List here the imputation approaches you want initially to try.
* Drop


**The list above is your guide, your map to know in which stage you are in the data cleaning process**

### Split Train and Test Set

* You have to split train and test set for cleaning the data
  * Unless you consider only Drop Variables and Drop Rows, which is not the case.
  * Hint: in the majority of the time in the workplace, you will need to split into train and test set

In [None]:
from sklearn.model_selection import train_test_split
from config import config
TrainSet, TestSet, _, __ = train_test_split(
                                        df,
                                        df['Churn'],
                                        test_size=config.TEST_SIZE,
                                        random_state=config.RANDOM_STATE)

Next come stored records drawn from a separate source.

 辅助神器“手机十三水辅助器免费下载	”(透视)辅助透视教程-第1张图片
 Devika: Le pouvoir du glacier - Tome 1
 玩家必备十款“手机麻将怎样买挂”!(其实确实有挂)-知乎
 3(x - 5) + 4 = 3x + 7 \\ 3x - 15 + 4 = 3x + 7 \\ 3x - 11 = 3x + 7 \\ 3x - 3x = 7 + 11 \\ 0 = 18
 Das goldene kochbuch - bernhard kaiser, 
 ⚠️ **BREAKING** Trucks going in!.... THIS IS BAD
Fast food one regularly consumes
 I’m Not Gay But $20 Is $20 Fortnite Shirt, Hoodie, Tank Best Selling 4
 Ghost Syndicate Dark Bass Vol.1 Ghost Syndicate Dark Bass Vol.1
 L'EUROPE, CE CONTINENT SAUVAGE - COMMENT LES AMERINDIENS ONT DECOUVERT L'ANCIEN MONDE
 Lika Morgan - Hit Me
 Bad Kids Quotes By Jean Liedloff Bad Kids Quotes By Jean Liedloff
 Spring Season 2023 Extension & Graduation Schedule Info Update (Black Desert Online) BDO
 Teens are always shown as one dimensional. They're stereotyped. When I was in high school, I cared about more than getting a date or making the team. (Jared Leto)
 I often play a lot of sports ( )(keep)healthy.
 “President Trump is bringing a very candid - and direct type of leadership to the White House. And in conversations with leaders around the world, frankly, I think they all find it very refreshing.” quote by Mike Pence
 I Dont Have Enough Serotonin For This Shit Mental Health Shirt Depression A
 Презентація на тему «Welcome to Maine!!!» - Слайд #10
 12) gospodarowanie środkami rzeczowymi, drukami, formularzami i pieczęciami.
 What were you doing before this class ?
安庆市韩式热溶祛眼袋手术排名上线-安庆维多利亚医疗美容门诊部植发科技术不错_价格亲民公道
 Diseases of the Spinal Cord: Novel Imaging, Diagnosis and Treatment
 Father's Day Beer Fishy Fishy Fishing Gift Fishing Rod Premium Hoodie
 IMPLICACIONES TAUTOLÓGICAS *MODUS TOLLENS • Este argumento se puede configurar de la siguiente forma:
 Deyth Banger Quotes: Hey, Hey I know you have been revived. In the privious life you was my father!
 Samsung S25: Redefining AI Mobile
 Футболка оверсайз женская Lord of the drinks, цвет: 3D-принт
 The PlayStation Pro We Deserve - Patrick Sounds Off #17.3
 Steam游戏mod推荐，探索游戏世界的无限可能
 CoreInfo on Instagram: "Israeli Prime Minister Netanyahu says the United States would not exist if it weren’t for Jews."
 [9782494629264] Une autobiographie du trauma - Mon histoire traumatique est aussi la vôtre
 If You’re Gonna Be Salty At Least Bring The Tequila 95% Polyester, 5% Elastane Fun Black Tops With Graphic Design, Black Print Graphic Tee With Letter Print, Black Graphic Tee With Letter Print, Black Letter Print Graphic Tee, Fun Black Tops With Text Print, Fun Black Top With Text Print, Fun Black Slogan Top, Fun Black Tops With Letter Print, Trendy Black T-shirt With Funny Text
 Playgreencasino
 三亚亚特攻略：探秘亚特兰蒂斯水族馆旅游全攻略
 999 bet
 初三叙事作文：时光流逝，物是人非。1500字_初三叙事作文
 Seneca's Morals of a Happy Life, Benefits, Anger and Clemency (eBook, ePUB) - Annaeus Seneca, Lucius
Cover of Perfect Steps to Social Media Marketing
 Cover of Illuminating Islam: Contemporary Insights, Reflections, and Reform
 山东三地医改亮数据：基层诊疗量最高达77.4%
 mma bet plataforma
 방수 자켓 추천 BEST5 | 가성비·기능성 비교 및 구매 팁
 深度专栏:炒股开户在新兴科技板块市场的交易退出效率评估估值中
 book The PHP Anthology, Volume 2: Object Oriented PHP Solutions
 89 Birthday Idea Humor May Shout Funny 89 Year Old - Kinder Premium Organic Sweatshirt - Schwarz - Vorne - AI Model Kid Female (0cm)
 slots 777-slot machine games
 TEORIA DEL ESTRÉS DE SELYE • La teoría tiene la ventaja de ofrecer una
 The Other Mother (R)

print(f"TrainSet shape: {TrainSet.shape} \nTestSet shape: {TestSet.shape}")

In [None]:
df_missing_data = EvaluateMissingData(TrainSet)
print(f"* There are {df_missing_data.shape[0]} variables with missing data \n")
df_missing_data

### DataCleaningEffect() function

* We create a custom function to evaluate variables distribution before and after applying the method. 

In [None]:
import seaborn as sns
sns.set(style="darkgrid")
import matplotlib.pyplot as plt

def DataCleaningEffect(df_original,df_cleaned,variables_applied_with_method):

  flag_count=1 # Indicate plot number
  
  # distinguish between numerical and categorical variables
  categorical_variables = df_original.select_dtypes(exclude=['number']).columns 

  # select variables in which the given data cleaning method was not applied  
  variables_not_applied_with_method = [x for x in df_cleaned.columns if x not in variables_applied_with_method]

  # scan over variables, 
    # first on variables that you applied the method
    # if variable is numerical, plots histogram, if categorical, plots barplot
  for set_of_variables in [variables_applied_with_method,variables_not_applied_with_method]:
    print("\n=====================================================================================")
    print(f"* Distribution Effect Analysis After Data Cleaning Method in the following variables:")
    print(f"{set_of_variables} \n\n")
  

    for var in set_of_variables:
      if var in categorical_variables:   
        # it is categorical variable: barplot

        df1 = pd.DataFrame({"Type":"Original","Value":df_original[var]})
        df2 = pd.DataFrame({"Type":"Cleaned","Value":df_cleaned[var]})
        dfAux = pd.concat([df1, df2], axis=0)
        # use a statistical test to inform if there is significant change
        plt.figure(figsize=(20, 5))
        sns.countplot(hue='Type', data=dfAux, x="Value",palette=['#432371',"#FAAE7B"]).set(title=f"Distribution Plot {flag_count}: {var}")
        plt.xticks(rotation=90)
        plt.legend() 

      else: 
        # it is numerical variable: histogram

        # use a statistical test to inform if there is significant change
        plt.figure(figsize=(10, 5))
        sns.histplot(data=df_original, x=var, color="#432371", label='Original', kde=True,element="step")
        sns.histplot(data=df_cleaned, x=var, color="#FAAE7B", label='Cleaned', kde=True,element="step").set(title=f"Distribution Plot {flag_count}: {var}")
        plt.legend() 

      plt.show()
      flag_count+= 1


### Template For Data Cleaning (Replace with method name)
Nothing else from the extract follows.